CONTRACT, OBSTACLES TO PERFORMING THE CONTRACT, FORCE MAJEURE, CIF CONTRACT, DUTY TO SHIP BY CUSTOMARY ROUTE, SALE OF GOODS, FRUSTRATION OF CONTRACT, IMPLIED TERMS

Facts

The appellants agreed to sell to the respondents Sudanese groundnuts for shipment to Hamburg during November/December 1956. The agreement included a CIF (cost, insurance and freight) term (requiring the seller to arrange the carriage of the goods by sea to Hamburg and to provide the buyer with the necessary documents to obtain the groundnuts from the carrier).  A force majeure clause was also incorporated in the contract. It provided that in cases of force majeure the deadline for the delivery of the goods should be extended by no more than two months, after which the contract should be cancelled.
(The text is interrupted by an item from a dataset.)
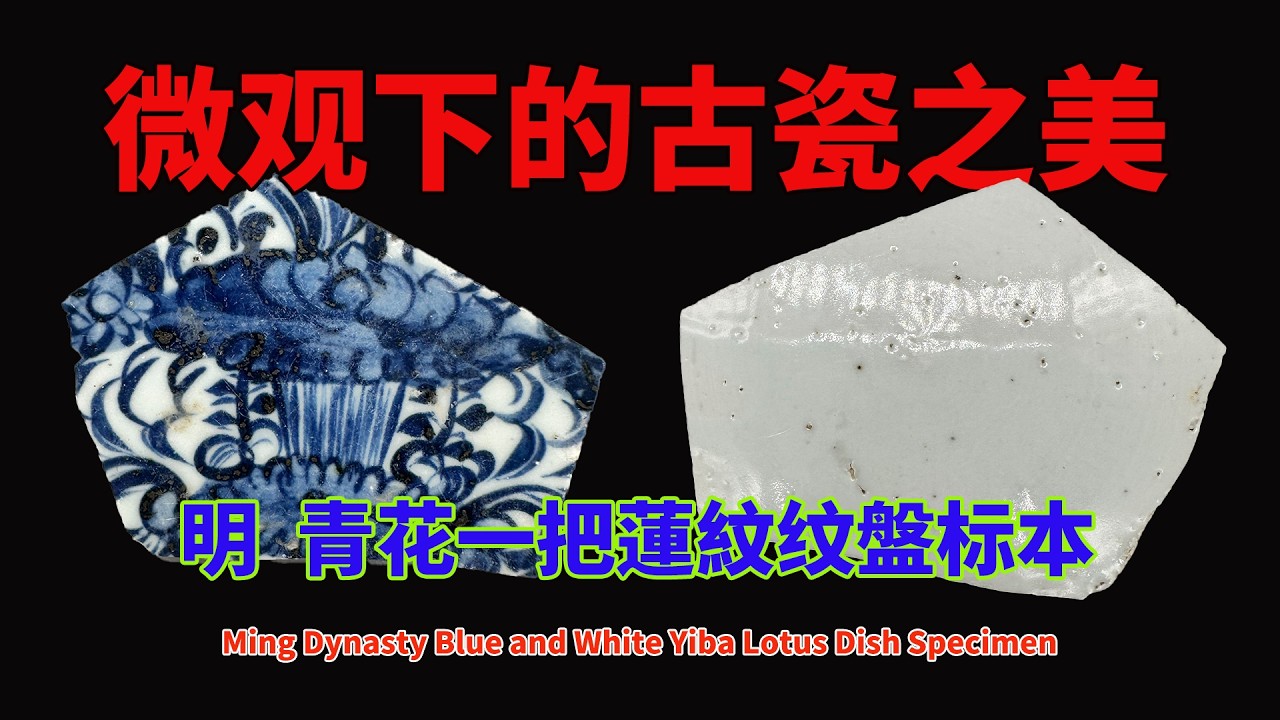 明  青花一把蓮紋纹盤标本 - Ming Dynasty Blue and White Yiba Lotus Dish Specimen일파연문 접시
At the beginning of November, the Suez Canal was closed to navigation due to the military operations by the British and French armed forces against Egypt, but the goods could have been shipped around the Cape of Good Hope. The alternative route via the Cape of Good hope was almost twice as long and respectively the freightage was more costly. The sellers failed to ship the goods. The case became subject to arbitration proceedings and the umpire held that the sellers were in default. His decision was later confirmed

Issues

(1) Were the appellants bound to ship the groundnuts via the Cape of Good Hope?

(2) Was the shipment of the groundnuts via the Cape of Good Hope a frustration of the contract?

(3) Could the appellants rely on the force majeure clause incorporated in the contract?

Held

The appeal was dismissed.

(1) The term that the groundnuts needed to be shipped via the Suez Canal was not implied.

(2) Given that the customary route via the Suez Canal was closed, by virtue of s 32 (2)Sale of Goods Act 1893, the appellants were bound to ship the goods via a reasonable and practicable route, despite the fact that this would have cost more to them.

(3) The shipping of the groundnuts via the Cape of Good Hope did not render the contract fundamentally different and therefore, did not present a frustration of the contract.

(4) The appellants could not rely on the force majeure clause incorporated in the contract since it covered the ‘shipment’ of the goods, not the failure to ship them. Shipment meant loading the goods on the board of a ship prepared to carry them to the contractual destination.